SEC755 — Devcontainer config bind-mounts sensitive local host material

  • Provider: lintai-ai-security
  • Alias: none
  • Scope: per_file
  • Surface: devcontainer
  • Detection: structural
  • Default Severity: Warn
  • Public Lane: preview
  • Default Confidence: High
  • Tier: Stable
  • Default Presets: supply-chain
  • Remediation: message_only
  • Lifecycle: stable_gated
  • Graduation Rationale: Checks committed devcontainer configs for bind mounts of sensitive local material such as SSH keys, cloud credentials, kubeconfig, or docker.sock.
  • Deterministic Signal Basis: DevcontainerSignals semantic JSON parsing plus exact value-span resolution for sensitive bind mounts in workspaceMount, mounts, or Docker-style runArgs mount flags.
  • Malicious Corpus: devcontainer-sensitive-bind-mount
  • Benign Corpus: devcontainer-safe-workspace-mount
  • Structured Evidence Required: true
  • Remediation Reviewed: true
  • Canonical Note: Structural stable rule intended as a high-precision check with deterministic evidence.

Provider: lintai-policy-mismatch

SEC401 / POLICY-EXEC-MISMATCH — Project policy forbids execution, but repository contains executable behavior

  • Provider: lintai-policy-mismatch
  • Alias: POLICY-EXEC-MISMATCH
  • Scope: workspace
  • Surface: workspace
  • Detection: structural
  • Default Severity: Warn
  • Public Lane: preview
  • Default Confidence: High
  • Tier: Preview
  • Default Presets: compat
  • Remediation: none
  • Lifecycle: preview_blocked
  • Promotion Blocker: Needs workspace-level precision review and linked graduation corpus before promotion to Stable.
  • Promotion Requirements: Needs workspace precision review, linked benign/malicious corpus proof, and completed stable checklist metadata.
  • Canonical Note: Structural preview rule; deterministic today, but the preview contract may still evolve.

SEC402 / POLICY-NETWORK-MISMATCH — Project policy forbids network access, but repository contains network behavior

  • Provider: lintai-policy-mismatch
  • Alias: POLICY-NETWORK-MISMATCH
  • Scope: workspace
  • Surface: workspace
  • Detection: structural
  • Default Severity: Warn
  • Public Lane: preview
  • Default Confidence: High
  • Tier: Preview
  • Default Presets: compat
  • Remediation: none
  • Lifecycle: preview_blocked
  • Promotion Blocker: Needs workspace-level network precision review and linked graduation corpus before promotion to Stable.
  • Promotion Requirements: Needs workspace precision review, linked benign/malicious corpus proof, and completed stable checklist metadata.
  • Canonical Note: Structural preview rule; deterministic today, but the preview contract may still evolve.

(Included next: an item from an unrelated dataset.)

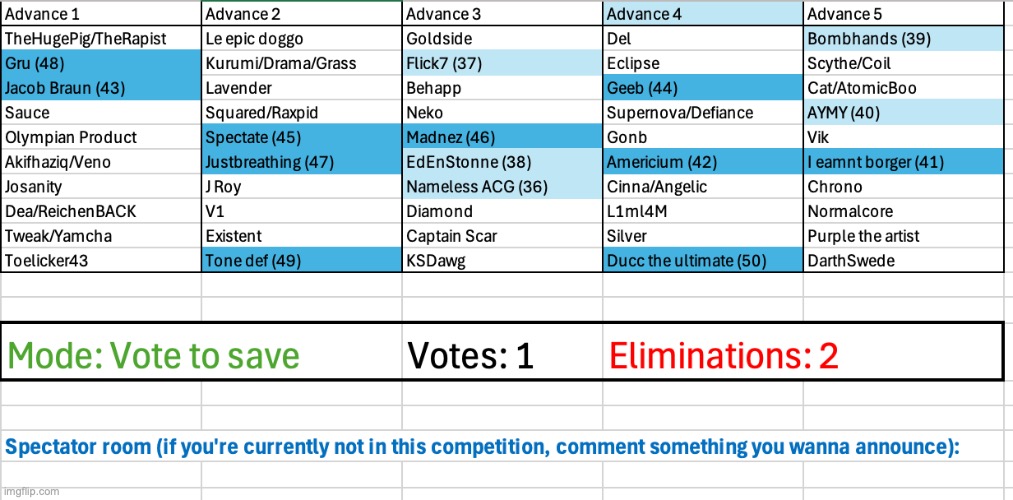 Save someone | image tagged in voting game s3 | made w/ Imgflip meme maker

SEC403 / POLICY-SKILL-CAPABILITIES-MISMATCH — Skill frontmatter capabilities conflict with project policy

  • Provider: lintai-policy-mismatch
  • Alias: POLICY-SKILL-CAPABILITIES-MISMATCH
  • Scope: workspace
  • Surface: workspace
  • Detection: structural
  • Default Severity: Warn
  • Public Lane: preview
  • Default Confidence: High
  • Tier: Preview
  • Default Presets: compat
  • Remediation: none
  • Lifecycle: preview_blocked
  • Promotion Blocker: Needs workspace-level capability-conflict precision review and linked graduation corpus before promotion to Stable.
  • Promotion Requirements: Needs workspace precision review, linked benign/malicious corpus proof, and completed stable checklist metadata.
  • Canonical Note: Structural preview rule; deterministic today, but the preview contract may still evolve.

Provider: lintai-dep-vulns

SEC756 — Installed npm dependency version matches an offline vulnerability advisory

  • Provider: lintai-dep-vulns
  • Alias: none
  • Scope: workspace
  • Surface: workspace
  • Detection: structural
  • Default Severity: Warn
  • Public Lane: preview
  • Default Confidence: High
  • Tier: Preview
  • Default Presets: advisory
  • Remediation: suggestion
  • Lifecycle: preview_blocked
  • Promotion Blocker: Initial advisory snapshot coverage is intentionally small in the first release and needs broader snapshot discipline before Stable.
  • Promotion Requirements: Needs larger advisory snapshot coverage, cross-lockfile corpus proof, and stable review of package/version matching before promotion to Stable.
  • Canonical Note: Structural preview rule; deterministic today, but the preview contract may still evolve.